WHAT YOU HAVE TO DO →
From the entries below, reproduce exactly the lines from the one with "A VW T3 Campervan" through the one with "Woman takes selfie", both included, without images.

EXTRACTED ENTRIES →
-- Opening Marker --

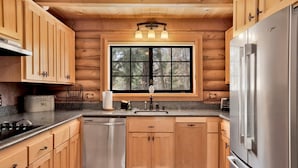 Une cuisine rustique aménagée dans une cabane en rondins, avec des meubles en bois, un réfrigérateur en acier inoxydable, un lave-vaisselle et une fenêtre donnant sur la forêt.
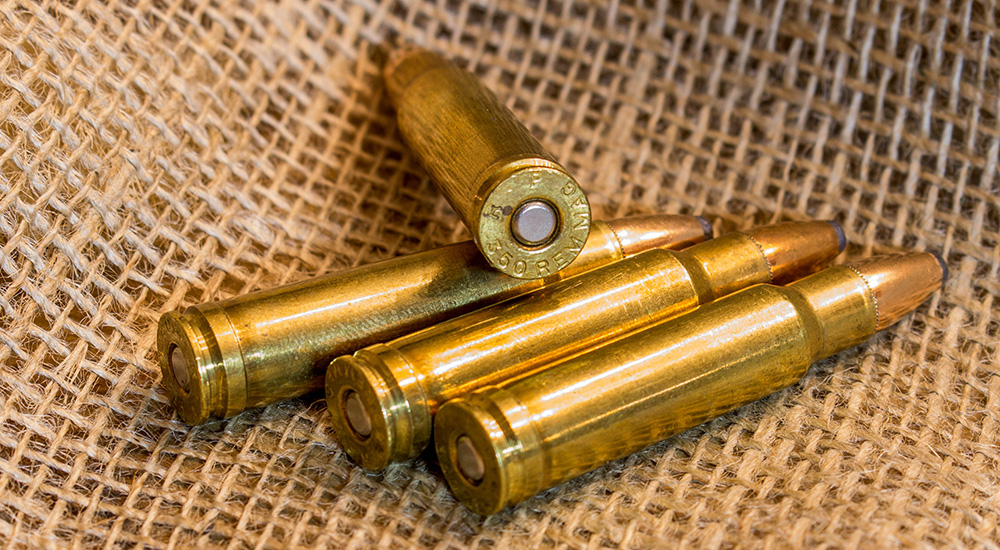 350 Remington Magnum ammunition cartridges on burlap.
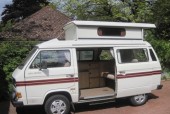 A VW T3 Campervan called Dormi and 6 Side view with roof up 1 for hire in Bracknell, Berkshire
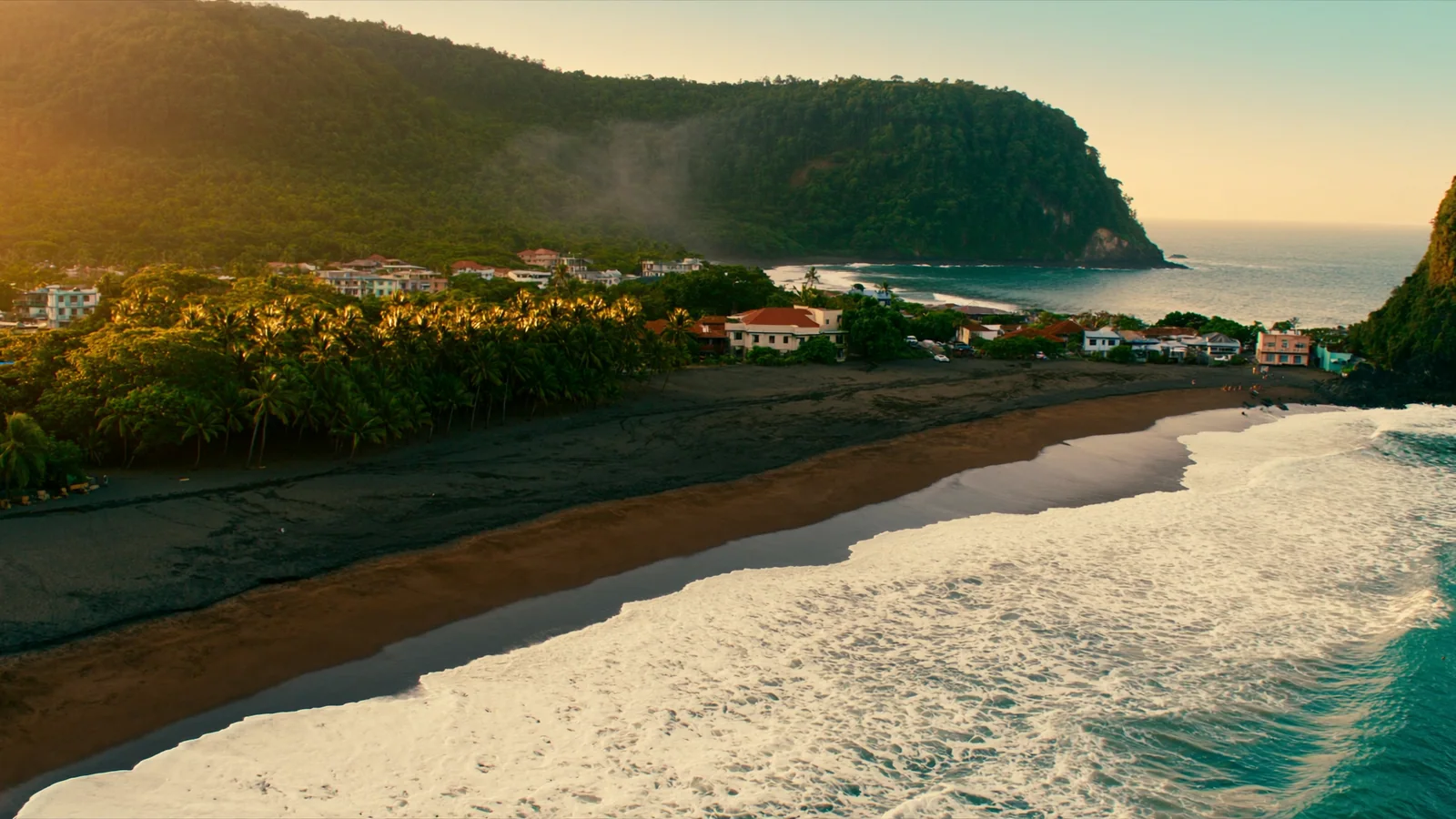 The Pacific coast at golden hour — dark sand, surf and a headland behind the town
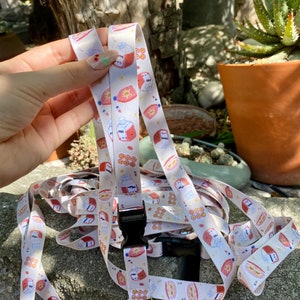 May include: A white lanyard with a repeating pattern of cartoon food illustrations in red, orange, and blue. The lanyard has a black plastic clasp and a gold-colored metal swivel hook. The lanyard is made of a smooth, satin-like material.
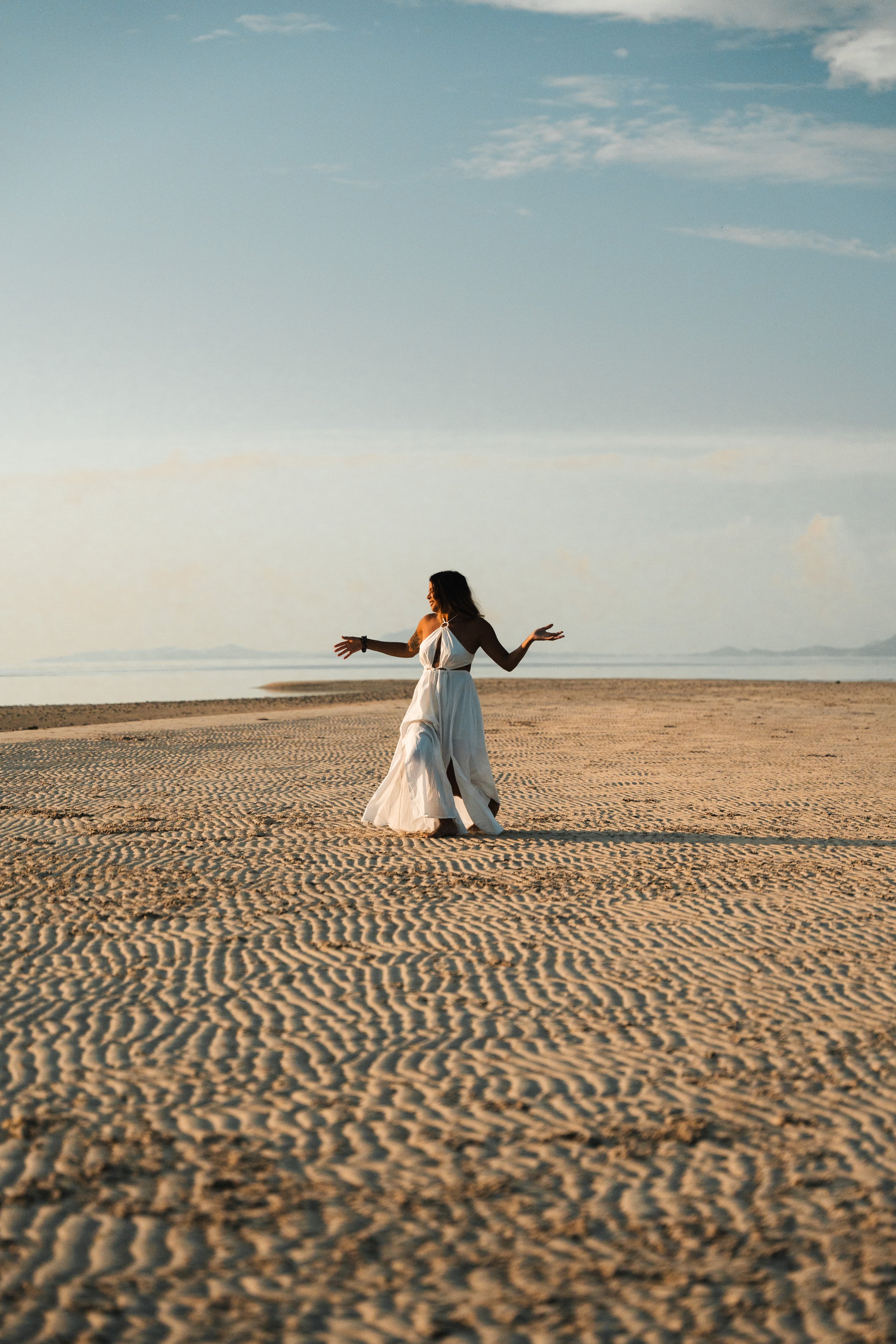 A woman in a white dress walking barefoot on a sandy beach during sunset.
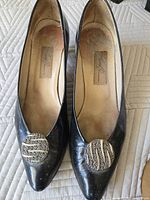 Top view of both pumps showing pointed toes, black patent finish, and decorative metal ornaments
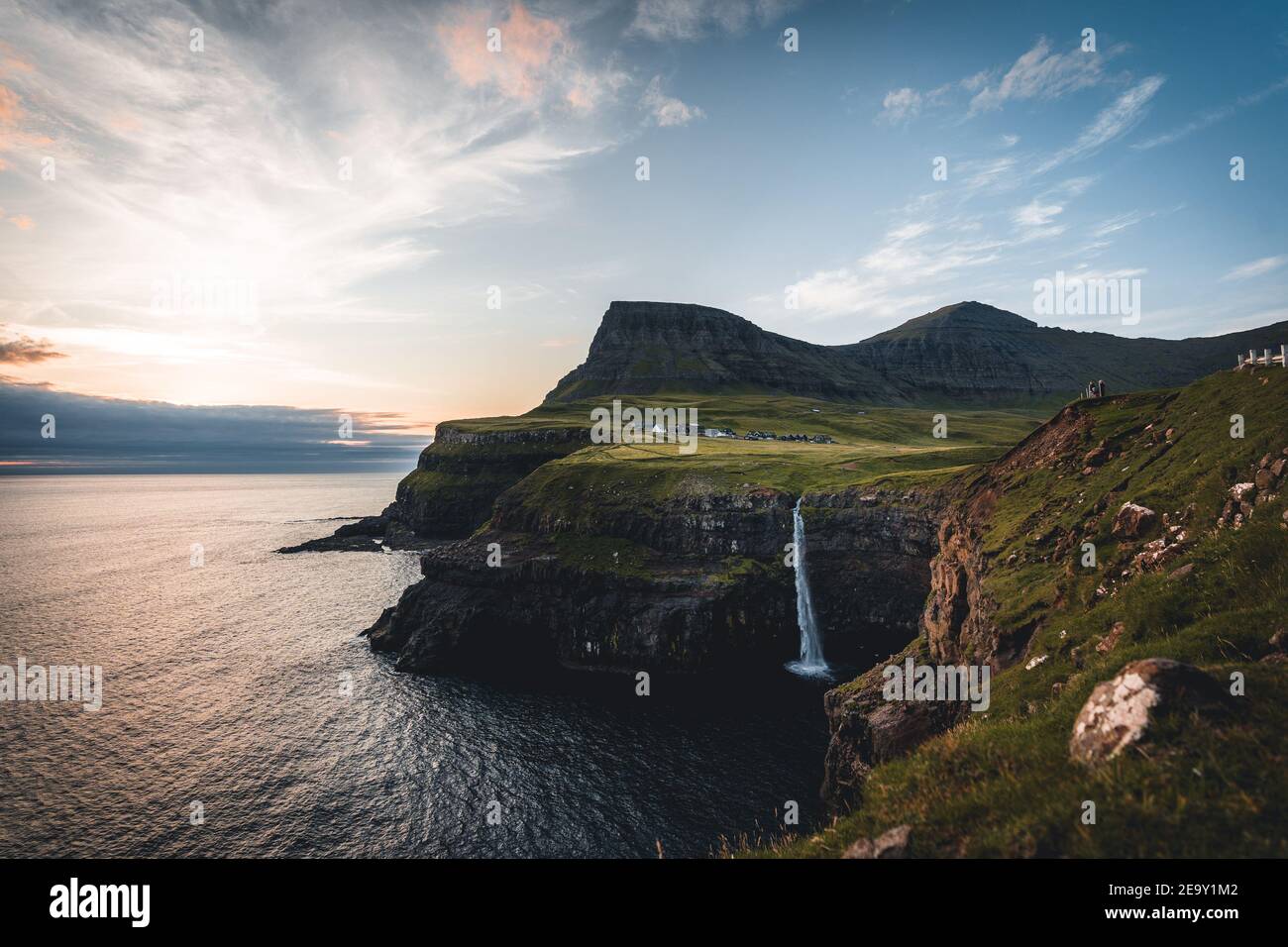 Gasadalur village and Mulafossur its iconic waterfall during summer with bluw sky. Vagar, Faroe Islands, Denmark. Rough see in the north atlantic Stock Photo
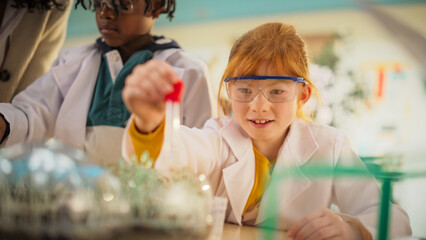 Portrait of a Cute Primary School Girl Using a Pipette to Add Nutritious Water Mix to a Set of...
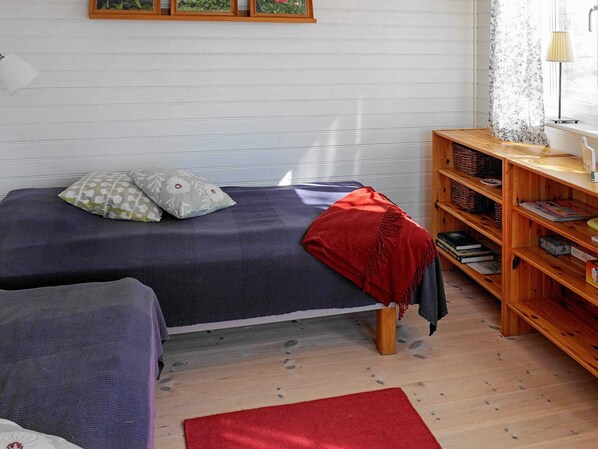 A small, cozy bedroom with a single bed, a wooden nightstand, and a bookshelf.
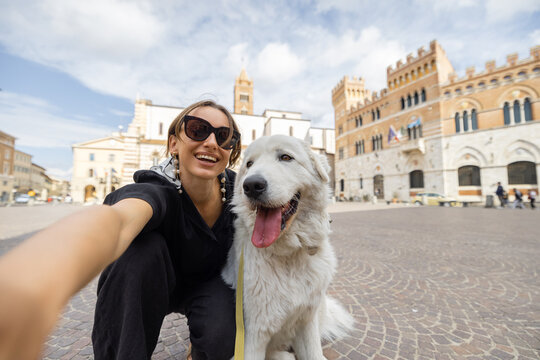 Woman takes selfie photo with dog traveling in Grosseto town the center of Maremma region in Italy. Maremmano abruzzese sheepdog that comes from this area of Italy. Concept of italian dog breed
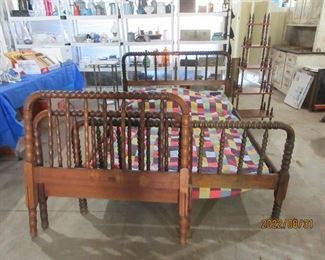 Walnut spindle beds, one full (professionally refinished) and one twin. At headboard, walnut whatnot on right and marble topped Victorian flower stand on left. More quilts for sale in the Garage. Graniteware collection on upper back shelves. White Murano chandelier on left. 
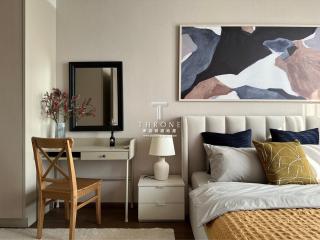 Modern bedroom with stylish decor and art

-- Closing Marker --

SOLUTION TO THE EXERCISE →
 A VW T3 Campervan called Dormi and 6 Side view with roof up 1 for hire in Bracknell, Berkshire
 The Pacific coast at golden hour — dark sand, surf and a headland behind the town
 May include: A white lanyard with a repeating pattern of cartoon food illustrations in red, orange, and blue. The lanyard has a black plastic clasp and a gold-colored metal swivel hook. The lanyard is made of a smooth, satin-like material.
 A woman in a white dress walking barefoot on a sandy beach during sunset.
 Top view of both pumps showing pointed toes, black patent finish, and decorative metal ornaments
 Gasadalur village and Mulafossur its iconic waterfall during summer with bluw sky. Vagar, Faroe Islands, Denmark. Rough see in the north atlantic Stock Photo
 Portrait of a Cute Primary School Girl Using a Pipette to Add Nutritious Water Mix to a Set of...
 A small, cozy bedroom with a single bed, a wooden nightstand, and a bookshelf.
 Woman takes selfie photo with dog traveling in Grosseto town the center of Maremma region in Italy. Maremmano abruzzese sheepdog that comes from this area of Italy. Concept of italian dog breed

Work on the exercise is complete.